In addition, a wide collection of non-physical moves or non-thermal sampling approaches can be used. For the purposes of this work, the Boltzmann based Metropolis sampling and a nested ensemble based approach¹⁹ were used to generate the structures for each AL iteration. This was performed to gather information on both thermally relevant structures predicted by the neural network as well as higher energy structures, which may still be important for creating an accurate model. The Metropolis simulation was run for 5000 MC cycles at 300 K with the initial structure being randomly picked from the current neural network training pool. The nested ensemble simulations were run for another 5000 cycles. Here, a Monte Carlo cycle is defined as the number of moves such that on average each particle has a chance to move at least once. This is traditionally performed to facilitate a comparison to molecular dynamics, where every particle moves on the same time step. Thus, if there are N molecules in the system, a cycle is defined as N attempted moves.

Note that the nested sampling works by a halving approach with respect to the density of states. Initially, when the nested-MC simulation is performed, the atoms are allowed to move around freely with no rejection. During this stage, the probability as a function of system's potential energy is collected. After a specified number of cycles, the median energy value of the population is estimated from the probability distribution. This value now becomes the new maximum limit for the system. During the next run, if a given move will cause the system energy to go above the median value from the previous run, the move is rejected and returned to the previous state in a manner analogous to the Metropolis sampling. After the same amount of time, the median energy of this run is computed and used as the maximum limit of the next run. This is continuously applied until the system is stuck (implying a local minima has been found) or the maximum number of cycles is achieved.

The primary purpose of a nested sampling approach is that it is able to identify not only situations where a potential energy surface is under-predicted, but also situations where it is grossly over-predicted and will be naturally blocked from access under thermal sampling.

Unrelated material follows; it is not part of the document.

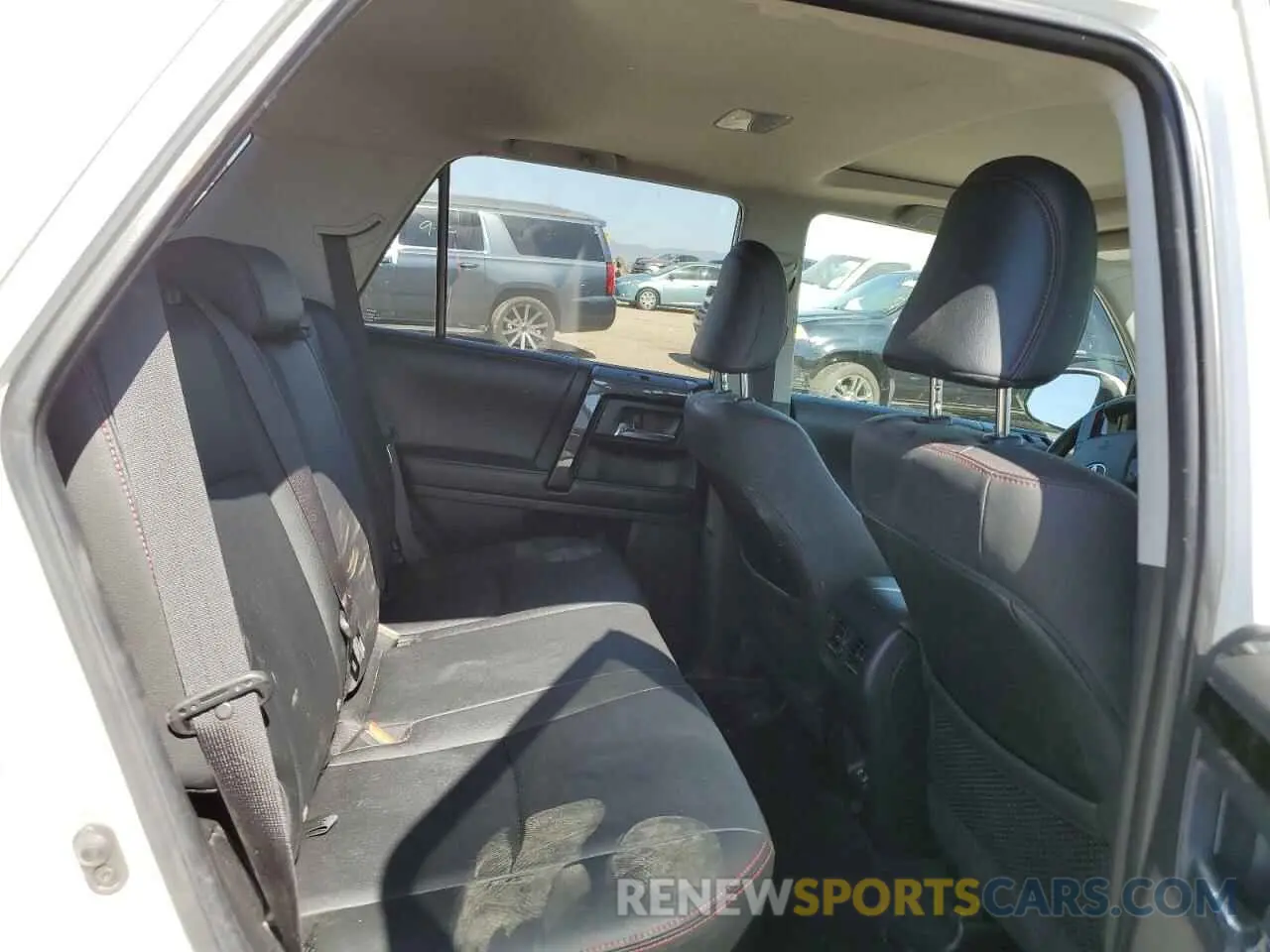 11 Photograph of a damaged car JTEBU5JRXL5737622 TOYOTA 4RUNNER 2020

It ensures a nice spread from very high energies (∼+0.01 eV per atom) down to the most stable configurations (≃0.42 eV per atom). This combats the entropic problems in sampling, where there are far more high energy structures than low energy ones and also combats problems associated with thermal sampling in that it can access high energy regions to look for configurations that are over-predicted by the neural network.

Testing of the NN

After the stochastic sampling step is completed, a set of 10 structures are gathered from the trajectory files of the Metropolis and nested sampling files. The real energy of these structures is computed and compared. For each structure, if the neural network prediction and the exact energy do not agree within a given tolerance, the structure is then added to the training pool to be used for the next AL iteration. This entire process is continued until the exit criteria is hit. For this work, we specified that if no new structures were added in 5 consecutive AL iterations, the potential has converged. For the addition tolerance, we specified that any structure with a difference greater than 1 meV between the real energy and predicted energy should be added to the training pool.

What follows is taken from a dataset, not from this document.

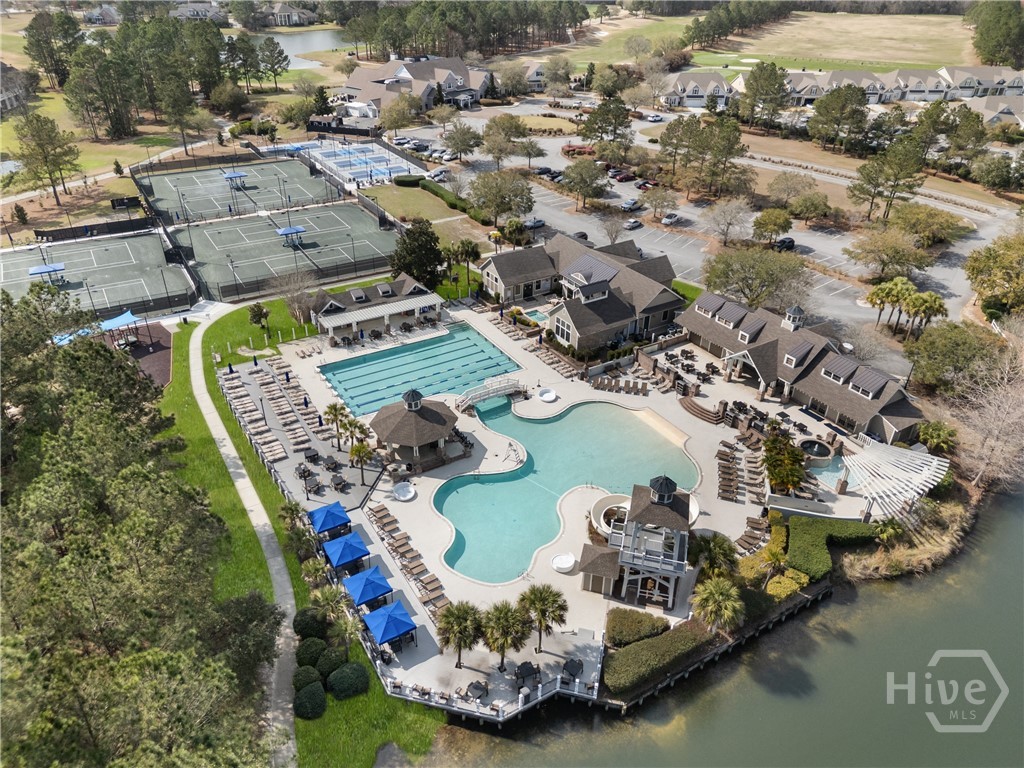 10 Golf Drive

Initialization of the AL-NN

The initial neural network cannot be trained on zero data; therefore, a single structure is used to seed the initial neural network in order to kick off the training process. A reasonably minimized structure was chosen in order to ensure at least one low energy configuration was contained in the training set. Theoretically, one could begin with any number of seed structures, but for the purposes of evaluating the efficiency of this approach, the absolute minimal seed data were used. It is worth noting that one would require much more than one structure to train a NN, which has many weights or parameters that need to be optimized. During the early stages of configuration sampling using the (poorly trained) NN as the energy landscape, it is natural that the NN will generate wild high-energy configurations. The primary reason to start with just 1 configuration was to minimize the amount of user input and allow the algorithm to figure out what is needed on its own. A single seed structure was used as it is the bare minimum required to train the initial network since it's not possible to train a network on zero data. The initial network is of course very poor in quality because it lacks a lot of information. So, usually in the first several iterations, every structure is accepted into the training pool with a 100% acceptance rate. As the algorithm moves on, the network predictions improve incrementally as it continues to identify new structures. However, this is by design, since we are looking for the smallest training data that has the minimal human bias introduced into the training set. Seeding with too much data can cause problems associated with biasing or over-sampling of certain regions in the configurational space.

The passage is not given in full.